Defence Minister Wayne Mapp has confirmed that New Zealand’s SAS supports one of the Afghan units that transfers prisoners to the centre named In the British judgement. The government is now investigating the possibility that these prisoners may have been tortured.
The fourth element of the troublesome equation that our defence and foreign affairs specialists should be considering has, until now, escaped notice.
You may recall that one week before the tragic death of Lieutenant Commander Timothy O’Donnell and the wounding of his companions Matthew Ball and Allister Baker in an ambush in northern Bamiyan, a TVNZ crew with a bomb disposal unit was also caught in a similar ambush in Khost province.

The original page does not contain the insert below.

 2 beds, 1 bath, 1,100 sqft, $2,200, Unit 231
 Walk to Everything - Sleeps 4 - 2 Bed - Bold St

Fortunately, no-one was injured in the Khost incident. But what was a Kiwi bomb disposal specialist with a Kiwi film crew in tow doing operating in the tiger country where ISAF-Afghan military are now in hot pursuit of the Al Qaeda-aligned Taliban fighters of the Haqqani group?
I lodged an official information act inquiry with the Defence Minister to get the answer. Dr Mapp surprised me. The NZ Defence Force has a staff member assigned to the United States headquarters in Khost as part of a “Counter Exploitation Cell” [CEXC] conducting the clearance of improvised explosive devices on routes across the troubled province.
The deployment of the NZDF bomb disposal specialist is justified by Lieutenant General Jerry Mateparae on the grounds that “the CEXC itself collects material and information from IED and vehicle bourne [sic] IED attacks to enable the assessment of technical intelligence and threat information concerning developing insurgent tactics, techniques and procedures.” Our CEXC member provides this information directly to the NZDF Provincial Reconstruction Team to enhance local force protection measures for all NZDF staff in Afghanistan.
Mapp adds that the NZDF has cabinet authorization to assign as many as five personnel to be attached to various operational headquarters in Afghanistan on a similar basis – presumably to carry out similar high-risk duties.
From all this, it appears that the risk exposure of New Zealand’s current military deployments in Afghanistan is significantly higher than the public has been led to believe. Surely, the time has come for an in-depth inquiry into the nature, purpose and risk of our military activity in Karzai’s country.